Current Projects of Prof. Dr. Piek Th.J.M. Vossen
BiographyNed: (From the Biography Portal of the Netherlands to a Virtual Society of People Past and Present): VU/UvA eScience-project (2012-2016)
The Biography Portal of the Netherlands links a wide variety of Dutch online reference works and data sets, written in different times and from different perspectives, through a limited number of metadata. This project aims to enhance its research potential for historical research on the portal’s ‘virtual community’ of the more than 100.000 Dutch people mentioned in the various linked databases. What historical narrative can be generated from digital access to these dictionaries of biography, lexicons and portrait collections? The lead question for the design of a demonstrator is: how can we generate relationships between peoples and events,geographical movements of and networks between people from the Biography Portal and what do they tell historians about the formation of Dutch society and the ‘boundaries of the Netherlands’.

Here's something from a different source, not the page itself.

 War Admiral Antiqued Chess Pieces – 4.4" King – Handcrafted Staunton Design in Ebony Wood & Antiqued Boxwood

The current search engine, although allowing for free full text search, generates only high level search results. As such the portal so far ‘only’ provides a series of linked online resources. It lacks analytic tools to show interconnections, trends, geographical maps and time lines, etc. This research project aims to strengthen the value of this portal and comparable biographical datasets for historical research, by improving the search options and the presentation of its outcomes, starting from the Simple Event Model. This will enable users to trace different perspectives on connections between events, based on (distant or close) connections between persons, places and time. Besides it will create connections between biographical information and museum objects, especially portraits: both in terms of who is being depicted and of who made and/or owned the work. The demonstrator will add a semantic layer on to the current Biography Portal. The pilot will focus on a qualitative selection of links, relevant to the National Portrait Gallery that is being developed by Rijksmuseum. The series of governors-general portraits at the Rijksmuseum provide a good starting point for this pilot on the networks of these people, their involvement in various events, and their role in the creation of Dutch society.

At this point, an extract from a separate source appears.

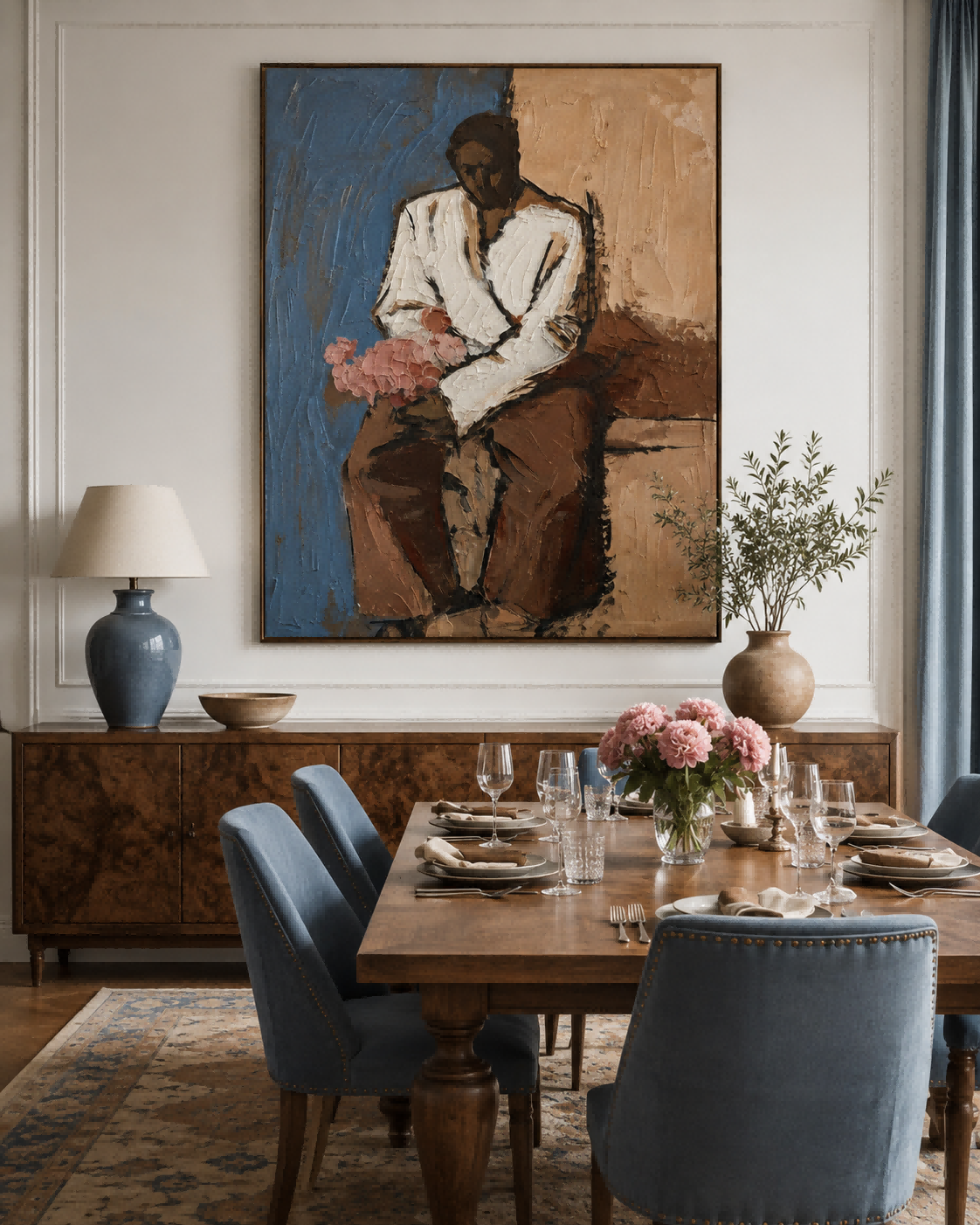 Expressive Figure Art With Thick Brushstrokes And Blue Brown Tones For Study Decor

We build on the basis provided by the project Agora and on the VU-CAMeRA project Semantics of History. From this we derive a clear view on the requirements for representing events on techniques for discovering events and on a shred (computational, historical) frame of reference for interpreting historical events. For text mining, we re-use the framework developed in the Asian-European project KYOTO for mining events from text using text properties and semantic resources, across different languages.

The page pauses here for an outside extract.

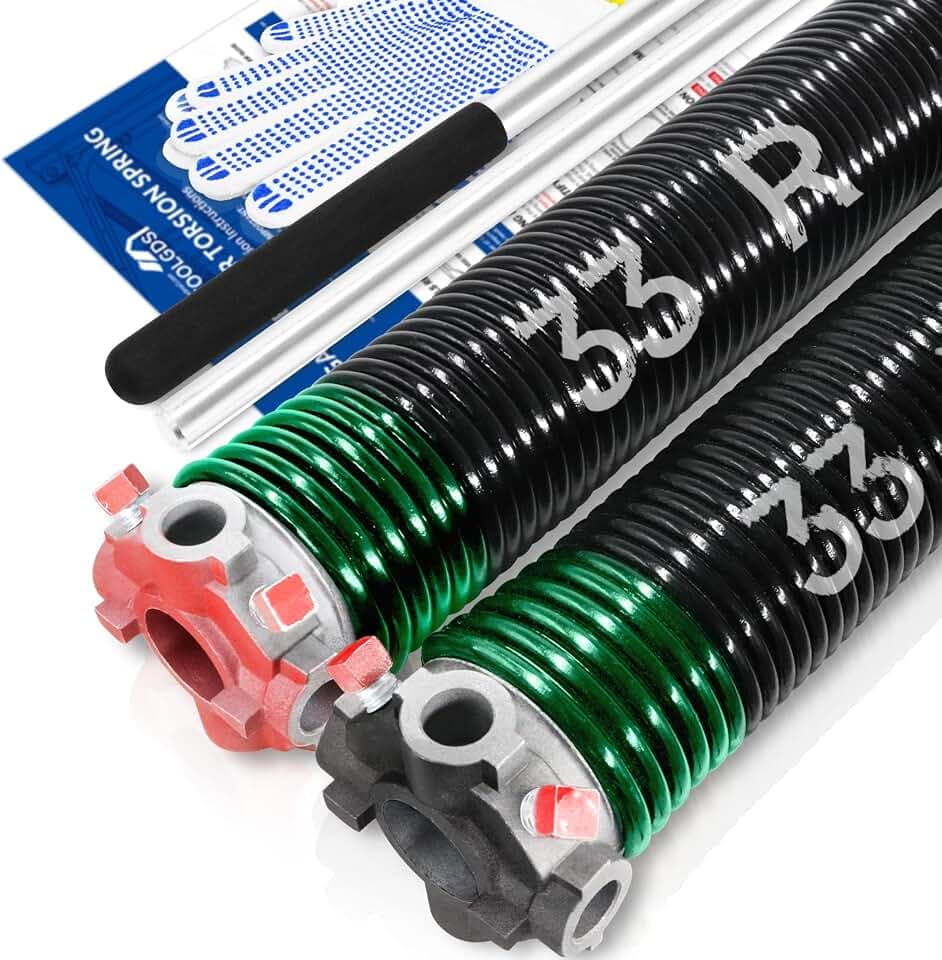 Pair of 2" Garage Door Torsion Springs Set with Non-Slip Winding Bars & Gloves, High Precision Electrophoresis Oil-Free Black Coated for Replacement, MIN 16,000 Cycles (0.243x 2" x 33'')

Cornetto-LMF-RDF: (Curated Cornetto database in LMF and RDF): a CLARIN project (2012-2013)
Project coordinator of Cornetto-LMF-RDF, which is a combined curation and demonstrator project in which the Dutch Cornetto database is converted to LMF and RDF and made available on a CLARIN Centre for efficient querying. As a semantic resource in which words and concepts are interlinked within the data and to other databases (e.g. wordnets in other languages and ontologies) this project will address many issues on the representation of meaning and user-queries to these data, such as the complex data structure (semantic and structural) and semantic linkage, such as hypernym chains of concepts or semantic typing of words. The project will combine a new release of Cornetto (version 2) with the data from DutchSemCor (a semantic annotation of text corpora) and a Dutch sentiment lexicon. The results are presented in LMF and the wordnet part also in RDF and SKOS. This bridges the standardization and metadata requirements of ISO and W3C.
SIERA: ("Integrating Sina Institute into the European Research Area"): 7th EU Framework project (2012-2014)
Associate partner of SIERA wich aims to reinforce closer and sustainable scientific cooperation between Palestinian and EU scientists in the field of multilingual and multicultural knowledge sharing technologies. This objective is attained through integrating BZU Sina Institute, which is the largest ICT research centre in Palestine and among a few in the Arab world in this field, into the European Research Area. Two EU multilingual knowledge sharing portals (which were developed in previous FP7 and eTen projects) have been selected as a concrete testbed for establishing scientific collaboration and integration. The first, MICHAEL, is a cultural heritage portal which provides a multilingual service to explore digital collections from museums, archives, libraries and other cultural institutions from across Europe. The second, KYOTO (with Vossen as project coordinator), is a wiki-portal about environment and ecology. The key idea is to use them to investigate how to enable large-scale knowledge sharing portals with Arabic language and content. Both portals already support multilingual knowledge sharing. Extending such portals to support Arabic content and semantic search is a challenging task due to the complexity of the language and as the Arabic content needs to be semantically interlinked with EU content. MICHAEL and KYOTO portals were selected carefully not only because their application domains are important areas of interest for EU and Arab societies and markets, but because extending them with Arabic is a good case, from a scientific viewpoint to set up a joint research and cooperation, exchange knowledge, and tune in-house methodologies and tools concretely.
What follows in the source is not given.